I’m sitting in a lecture hall in Tampere, listening to a professor showing a bar chart about corruption within international sports federations. Around me, people nod in recognition. There’s talk about FIFA, the IAAF, the Olympics and their endless struggle for credibility. I’m taking diligent notes – but also waiting, just a little, for something familiar.
But the word handball never comes up.

It’s almost comical. Here, at Play the Game – the conference where the dark sides of sports are analyzed, dissected, and debated for days – there’s room for every imaginable discipline. Except the one I care about most. Sure, Professor Klaus Nielsen from Denmark and Zsolt Havran from Hungary mention handball in the context of financial collapse among handball clubs, but otherwise, there’s complete silence about handball throughout the conference.

This isn’t a criticism of the conference. Quite the opposite. It’s inspiring, well-organized, and filled with people who genuinely want to make a difference in sport. But it still says something about handball’s place in the world of sports politics – or rather, how small that place is.

Because handball has its own challenges. Governance, match-fixing, financial issues – they’re there. They’ve been there for a long time. The only difference is that we rarely talk about them. In football, the problems are global. In handball, they become… local. Almost private. As if we’d rather keep them within the family.
Why is that?

Criticism easily becomes personal

We have the same structures, the same risks, sometimes even the same patterns. But while football gets headlines, reports, and debate shows, handball is content to look the other way. Maybe it’s about size. Maybe it’s about culture. Or maybe it’s because, in handball, we still like to think of ourselves as a sport where “everyone knows everyone” – and where criticism, therefore, easily becomes personal.

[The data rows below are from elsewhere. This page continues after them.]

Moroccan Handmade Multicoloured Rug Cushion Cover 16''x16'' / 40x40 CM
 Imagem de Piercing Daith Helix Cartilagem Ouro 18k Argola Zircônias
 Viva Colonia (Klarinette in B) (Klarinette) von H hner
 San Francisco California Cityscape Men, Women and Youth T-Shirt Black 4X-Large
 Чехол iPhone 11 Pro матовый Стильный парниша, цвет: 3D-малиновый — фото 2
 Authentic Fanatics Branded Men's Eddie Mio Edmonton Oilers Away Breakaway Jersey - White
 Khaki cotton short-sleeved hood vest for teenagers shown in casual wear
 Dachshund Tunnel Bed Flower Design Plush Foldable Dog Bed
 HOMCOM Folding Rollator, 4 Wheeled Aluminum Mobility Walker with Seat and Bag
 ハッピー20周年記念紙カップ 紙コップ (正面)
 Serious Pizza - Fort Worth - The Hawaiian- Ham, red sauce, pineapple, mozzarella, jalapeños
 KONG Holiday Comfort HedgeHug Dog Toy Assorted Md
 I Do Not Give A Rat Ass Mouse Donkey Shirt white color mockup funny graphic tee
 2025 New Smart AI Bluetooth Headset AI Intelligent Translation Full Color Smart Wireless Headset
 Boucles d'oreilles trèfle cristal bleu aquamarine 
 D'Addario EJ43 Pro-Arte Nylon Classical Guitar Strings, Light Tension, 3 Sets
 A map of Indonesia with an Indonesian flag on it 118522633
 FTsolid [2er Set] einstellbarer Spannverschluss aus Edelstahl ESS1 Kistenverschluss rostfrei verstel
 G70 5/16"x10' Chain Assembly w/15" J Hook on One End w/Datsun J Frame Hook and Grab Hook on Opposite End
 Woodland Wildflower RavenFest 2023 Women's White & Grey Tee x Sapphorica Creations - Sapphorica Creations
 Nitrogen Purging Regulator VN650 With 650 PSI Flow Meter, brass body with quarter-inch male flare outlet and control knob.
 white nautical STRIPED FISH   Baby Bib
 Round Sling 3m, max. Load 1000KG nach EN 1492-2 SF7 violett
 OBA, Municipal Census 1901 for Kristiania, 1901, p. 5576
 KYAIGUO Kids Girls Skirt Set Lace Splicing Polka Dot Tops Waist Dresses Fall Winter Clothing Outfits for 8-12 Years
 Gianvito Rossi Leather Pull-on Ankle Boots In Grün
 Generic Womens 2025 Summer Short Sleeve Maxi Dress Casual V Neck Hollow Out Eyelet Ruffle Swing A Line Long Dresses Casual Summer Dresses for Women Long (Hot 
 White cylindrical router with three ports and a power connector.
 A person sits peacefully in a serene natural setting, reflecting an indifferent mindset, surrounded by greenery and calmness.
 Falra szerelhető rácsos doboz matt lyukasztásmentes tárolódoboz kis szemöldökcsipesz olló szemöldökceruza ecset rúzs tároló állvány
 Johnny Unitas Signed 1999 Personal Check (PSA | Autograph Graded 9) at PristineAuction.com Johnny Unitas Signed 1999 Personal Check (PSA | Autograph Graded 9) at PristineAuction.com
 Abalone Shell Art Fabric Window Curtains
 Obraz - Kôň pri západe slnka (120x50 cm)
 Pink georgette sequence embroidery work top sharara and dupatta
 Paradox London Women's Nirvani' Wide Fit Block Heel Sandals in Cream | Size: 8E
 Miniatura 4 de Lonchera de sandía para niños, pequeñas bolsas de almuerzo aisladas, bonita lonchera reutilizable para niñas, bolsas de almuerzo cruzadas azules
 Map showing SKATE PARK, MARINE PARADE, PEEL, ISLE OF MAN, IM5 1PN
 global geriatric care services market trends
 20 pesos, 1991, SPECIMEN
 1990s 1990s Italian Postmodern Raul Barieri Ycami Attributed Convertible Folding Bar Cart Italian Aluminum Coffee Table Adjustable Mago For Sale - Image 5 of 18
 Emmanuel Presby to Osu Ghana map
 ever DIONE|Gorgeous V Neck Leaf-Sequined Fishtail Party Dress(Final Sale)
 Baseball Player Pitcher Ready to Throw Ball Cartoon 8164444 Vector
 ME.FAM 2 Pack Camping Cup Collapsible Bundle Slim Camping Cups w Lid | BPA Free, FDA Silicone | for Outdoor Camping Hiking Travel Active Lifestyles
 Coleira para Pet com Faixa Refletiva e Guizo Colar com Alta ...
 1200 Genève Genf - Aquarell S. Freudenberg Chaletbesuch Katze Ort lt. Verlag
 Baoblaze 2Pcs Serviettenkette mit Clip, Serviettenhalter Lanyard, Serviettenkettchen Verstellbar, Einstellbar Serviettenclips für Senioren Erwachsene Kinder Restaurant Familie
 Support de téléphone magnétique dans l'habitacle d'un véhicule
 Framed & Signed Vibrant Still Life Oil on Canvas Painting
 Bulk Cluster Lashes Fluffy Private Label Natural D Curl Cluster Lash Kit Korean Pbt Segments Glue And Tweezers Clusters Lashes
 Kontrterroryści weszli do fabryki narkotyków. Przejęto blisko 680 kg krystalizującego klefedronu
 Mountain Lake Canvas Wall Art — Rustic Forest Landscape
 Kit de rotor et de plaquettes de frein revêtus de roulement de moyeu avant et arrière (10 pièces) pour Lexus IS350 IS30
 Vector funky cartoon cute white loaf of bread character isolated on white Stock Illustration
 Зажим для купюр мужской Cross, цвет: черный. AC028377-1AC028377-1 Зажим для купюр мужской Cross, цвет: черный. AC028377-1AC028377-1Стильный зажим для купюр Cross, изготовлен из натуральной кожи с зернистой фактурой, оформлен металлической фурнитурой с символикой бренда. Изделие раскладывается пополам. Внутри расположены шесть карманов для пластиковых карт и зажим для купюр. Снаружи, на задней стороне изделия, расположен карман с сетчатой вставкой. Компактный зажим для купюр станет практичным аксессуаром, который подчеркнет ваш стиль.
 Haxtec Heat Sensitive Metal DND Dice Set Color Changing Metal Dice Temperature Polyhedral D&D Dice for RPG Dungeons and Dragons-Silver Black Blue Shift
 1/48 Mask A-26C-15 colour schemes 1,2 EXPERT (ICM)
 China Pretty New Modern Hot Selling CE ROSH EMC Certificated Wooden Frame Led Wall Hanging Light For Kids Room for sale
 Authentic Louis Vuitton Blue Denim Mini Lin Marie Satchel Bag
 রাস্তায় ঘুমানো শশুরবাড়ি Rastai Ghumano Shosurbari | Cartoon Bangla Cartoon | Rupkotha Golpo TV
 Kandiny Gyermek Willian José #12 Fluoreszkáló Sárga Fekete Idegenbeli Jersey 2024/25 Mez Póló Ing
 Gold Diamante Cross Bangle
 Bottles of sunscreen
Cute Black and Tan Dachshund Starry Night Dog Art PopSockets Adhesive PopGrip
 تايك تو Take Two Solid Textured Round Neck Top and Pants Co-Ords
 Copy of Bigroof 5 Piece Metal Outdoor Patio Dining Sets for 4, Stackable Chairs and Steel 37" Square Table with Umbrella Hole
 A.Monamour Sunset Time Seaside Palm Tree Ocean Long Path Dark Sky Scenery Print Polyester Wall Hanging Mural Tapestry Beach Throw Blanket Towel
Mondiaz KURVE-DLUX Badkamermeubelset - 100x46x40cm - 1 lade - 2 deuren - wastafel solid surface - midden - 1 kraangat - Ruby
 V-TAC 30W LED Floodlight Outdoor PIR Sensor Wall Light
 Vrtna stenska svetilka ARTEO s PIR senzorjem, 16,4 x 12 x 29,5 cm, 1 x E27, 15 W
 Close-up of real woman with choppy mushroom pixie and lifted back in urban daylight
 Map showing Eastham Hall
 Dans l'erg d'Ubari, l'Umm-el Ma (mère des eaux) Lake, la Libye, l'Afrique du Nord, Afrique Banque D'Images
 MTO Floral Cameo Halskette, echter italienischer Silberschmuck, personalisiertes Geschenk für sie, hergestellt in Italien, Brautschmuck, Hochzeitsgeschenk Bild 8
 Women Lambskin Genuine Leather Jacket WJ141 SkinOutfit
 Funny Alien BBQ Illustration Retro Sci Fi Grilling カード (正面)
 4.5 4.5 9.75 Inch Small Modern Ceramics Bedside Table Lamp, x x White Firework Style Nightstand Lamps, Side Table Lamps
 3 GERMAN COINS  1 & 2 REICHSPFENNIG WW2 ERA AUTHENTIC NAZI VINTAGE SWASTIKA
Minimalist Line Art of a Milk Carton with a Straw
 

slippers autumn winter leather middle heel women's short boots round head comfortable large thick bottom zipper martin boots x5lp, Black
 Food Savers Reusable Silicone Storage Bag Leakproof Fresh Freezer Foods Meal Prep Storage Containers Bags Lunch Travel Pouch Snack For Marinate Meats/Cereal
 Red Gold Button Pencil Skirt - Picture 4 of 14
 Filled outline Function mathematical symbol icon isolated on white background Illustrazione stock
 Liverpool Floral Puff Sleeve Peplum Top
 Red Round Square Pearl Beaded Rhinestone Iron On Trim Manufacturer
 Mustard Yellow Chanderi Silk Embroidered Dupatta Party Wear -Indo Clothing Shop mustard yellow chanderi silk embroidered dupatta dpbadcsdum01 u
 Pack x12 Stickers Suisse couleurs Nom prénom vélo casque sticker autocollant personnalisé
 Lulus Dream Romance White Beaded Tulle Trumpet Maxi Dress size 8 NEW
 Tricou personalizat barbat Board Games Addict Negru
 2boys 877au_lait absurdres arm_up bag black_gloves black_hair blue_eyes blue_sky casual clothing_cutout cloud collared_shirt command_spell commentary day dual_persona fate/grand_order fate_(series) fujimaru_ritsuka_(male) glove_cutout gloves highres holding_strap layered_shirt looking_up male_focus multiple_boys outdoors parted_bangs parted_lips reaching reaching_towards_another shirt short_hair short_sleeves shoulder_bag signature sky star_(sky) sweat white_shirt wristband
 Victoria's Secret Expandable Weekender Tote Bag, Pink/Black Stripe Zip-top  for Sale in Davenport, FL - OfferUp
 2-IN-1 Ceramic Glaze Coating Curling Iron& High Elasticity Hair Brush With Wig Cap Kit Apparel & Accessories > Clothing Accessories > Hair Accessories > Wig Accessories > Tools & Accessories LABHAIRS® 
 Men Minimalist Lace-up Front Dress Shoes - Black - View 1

I’m here thanks to a grant from the Swedish Sports Journalists’ Association, and I’m very grateful for that. Since it’s my first time, I’m here as a participant, not a speaker. I listen, reflect, and, when there’s an opportunity, ask questions. And somewhere between all the lectures about FIFA and the IOC, I start to think that handball should be part of this conversation.

Because even if the sport is smaller, it doesn’t mean it matters less. We have a lot to gain by daring to talk about our own problems – before someone else does it for us.

Next year, I hope to be back at Play the Game. And maybe – if someone gives me ten minutes and a microphone – to talk a little about handball’s role in the political world of sport. Or at least remind people that handball faces enormous challenges.